[Stored entries]
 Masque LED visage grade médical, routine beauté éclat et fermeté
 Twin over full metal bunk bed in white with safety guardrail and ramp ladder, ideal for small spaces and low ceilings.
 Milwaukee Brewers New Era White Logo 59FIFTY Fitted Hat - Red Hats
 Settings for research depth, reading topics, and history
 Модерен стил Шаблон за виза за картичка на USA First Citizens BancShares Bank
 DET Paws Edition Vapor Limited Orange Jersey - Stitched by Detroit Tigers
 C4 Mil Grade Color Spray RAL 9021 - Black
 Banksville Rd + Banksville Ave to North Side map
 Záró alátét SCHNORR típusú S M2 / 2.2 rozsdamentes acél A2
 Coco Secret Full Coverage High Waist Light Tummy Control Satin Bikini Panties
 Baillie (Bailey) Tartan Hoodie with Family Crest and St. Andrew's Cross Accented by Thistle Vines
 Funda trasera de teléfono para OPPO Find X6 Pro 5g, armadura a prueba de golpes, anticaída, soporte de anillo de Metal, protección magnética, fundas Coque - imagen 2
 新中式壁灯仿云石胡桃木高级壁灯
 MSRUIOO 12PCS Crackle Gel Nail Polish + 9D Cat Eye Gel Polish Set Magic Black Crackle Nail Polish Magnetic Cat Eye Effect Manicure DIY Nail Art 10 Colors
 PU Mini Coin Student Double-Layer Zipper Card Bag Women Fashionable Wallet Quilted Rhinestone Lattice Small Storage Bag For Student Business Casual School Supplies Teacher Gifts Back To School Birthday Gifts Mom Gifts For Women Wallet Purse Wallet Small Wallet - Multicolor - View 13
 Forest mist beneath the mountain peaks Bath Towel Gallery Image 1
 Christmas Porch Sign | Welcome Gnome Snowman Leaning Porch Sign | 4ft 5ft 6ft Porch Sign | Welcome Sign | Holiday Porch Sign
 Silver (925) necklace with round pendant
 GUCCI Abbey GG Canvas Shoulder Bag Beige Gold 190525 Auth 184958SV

* YOUR TASK *
Output only the lines from the one with "Funda trasera de" through the last line of the entries above; please keep them exact.

* RESULT FOR THIS TASK *
 Funda trasera de teléfono para OPPO Find X6 Pro 5g, armadura a prueba de golpes, anticaída, soporte de anillo de Metal, protección magnética, fundas Coque - imagen 2
 新中式壁灯仿云石胡桃木高级壁灯
 MSRUIOO 12PCS Crackle Gel Nail Polish + 9D Cat Eye Gel Polish Set Magic Black Crackle Nail Polish Magnetic Cat Eye Effect Manicure DIY Nail Art 10 Colors
 PU Mini Coin Student Double-Layer Zipper Card Bag Women Fashionable Wallet Quilted Rhinestone Lattice Small Storage Bag For Student Business Casual School Supplies Teacher Gifts Back To School Birthday Gifts Mom Gifts For Women Wallet Purse Wallet Small Wallet - Multicolor - View 13
 Forest mist beneath the mountain peaks Bath Towel Gallery Image 1
 Christmas Porch Sign | Welcome Gnome Snowman Leaning Porch Sign | 4ft 5ft 6ft Porch Sign | Welcome Sign | Holiday Porch Sign
 Silver (925) necklace with round pendant
 GUCCI Abbey GG Canvas Shoulder Bag Beige Gold 190525 Auth 184958SV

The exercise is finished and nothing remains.